'Em Nome de Deus': série revela bastidor de investigação sobre João de Deus
Medo. Vergonha. Trauma. Manipulação. Silêncio. Como romper barreiras tão poderosas e tornar público um dos maiores escândalos sexuais da história do Brasil? É isso que mostra "Em Nome de Deus", série lançada pelo Globoplay, que terá seu primeiro episódio exibido na terça-feira na Globo e, depois, será liberada na íntegra na plataforma de streaming. No Canal Brasil, a série será exibida a partir de quarta, sempre às 20h50. São seis episódios criados a partir de 18 meses de trabalho.

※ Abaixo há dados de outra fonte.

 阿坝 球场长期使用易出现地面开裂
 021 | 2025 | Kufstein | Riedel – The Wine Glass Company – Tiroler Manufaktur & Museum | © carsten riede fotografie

O programa refaz a trajetória da equipe do "Conversa com Bial" (Globo), que revelou em dezembro de 2018 acusações de abuso sexual feitas por mulheres contra o médium João Teixeira de Faria, conhecido como João de Deus.
João de Deus foi preso poucos dias após a exibição do programa, que gerou uma escalada de acusações contra ele. Centenas de mulheres, muitas sofrendo há anos, criaram coragem para revelar suas histórias de abuso e denunciá-lo.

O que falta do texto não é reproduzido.